__Stored dataset items__:
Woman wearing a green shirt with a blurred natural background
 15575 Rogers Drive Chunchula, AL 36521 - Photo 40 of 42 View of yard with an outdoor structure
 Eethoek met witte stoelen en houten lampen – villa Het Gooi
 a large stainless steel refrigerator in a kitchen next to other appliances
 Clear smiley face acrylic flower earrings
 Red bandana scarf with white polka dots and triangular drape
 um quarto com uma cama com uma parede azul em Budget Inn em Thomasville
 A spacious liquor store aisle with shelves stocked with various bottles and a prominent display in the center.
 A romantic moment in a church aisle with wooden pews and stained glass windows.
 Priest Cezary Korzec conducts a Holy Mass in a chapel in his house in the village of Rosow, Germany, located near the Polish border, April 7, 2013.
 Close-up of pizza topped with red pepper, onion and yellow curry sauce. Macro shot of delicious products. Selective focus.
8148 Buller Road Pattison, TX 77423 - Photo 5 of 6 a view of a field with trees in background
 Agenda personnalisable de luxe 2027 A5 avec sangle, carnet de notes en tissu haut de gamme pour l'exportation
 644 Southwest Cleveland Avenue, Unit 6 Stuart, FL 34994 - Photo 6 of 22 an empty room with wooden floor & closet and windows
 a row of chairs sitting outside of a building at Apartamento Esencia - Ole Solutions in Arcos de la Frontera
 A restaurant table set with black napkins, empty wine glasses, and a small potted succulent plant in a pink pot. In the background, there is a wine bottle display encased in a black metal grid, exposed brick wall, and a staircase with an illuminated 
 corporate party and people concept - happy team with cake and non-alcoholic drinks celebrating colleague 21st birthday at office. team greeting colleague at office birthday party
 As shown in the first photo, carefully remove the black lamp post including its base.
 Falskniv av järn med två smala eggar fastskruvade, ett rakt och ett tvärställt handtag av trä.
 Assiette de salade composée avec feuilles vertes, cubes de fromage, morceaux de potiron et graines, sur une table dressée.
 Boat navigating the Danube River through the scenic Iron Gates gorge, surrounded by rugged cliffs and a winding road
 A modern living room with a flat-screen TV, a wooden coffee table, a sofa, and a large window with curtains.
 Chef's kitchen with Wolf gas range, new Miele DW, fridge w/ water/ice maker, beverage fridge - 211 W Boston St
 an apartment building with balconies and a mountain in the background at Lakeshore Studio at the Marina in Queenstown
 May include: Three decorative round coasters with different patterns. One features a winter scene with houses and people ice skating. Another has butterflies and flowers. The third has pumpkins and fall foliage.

__What the exercise asks__: Each line that holds the word "wooden" should be extracted from the records.

__Exercise response__:
 A romantic moment in a church aisle with wooden pews and stained glass windows.
 644 Southwest Cleveland Avenue, Unit 6 Stuart, FL 34994 - Photo 6 of 22 an empty room with wooden floor & closet and windows
 A modern living room with a flat-screen TV, a wooden coffee table, a sofa, and a large window with curtains.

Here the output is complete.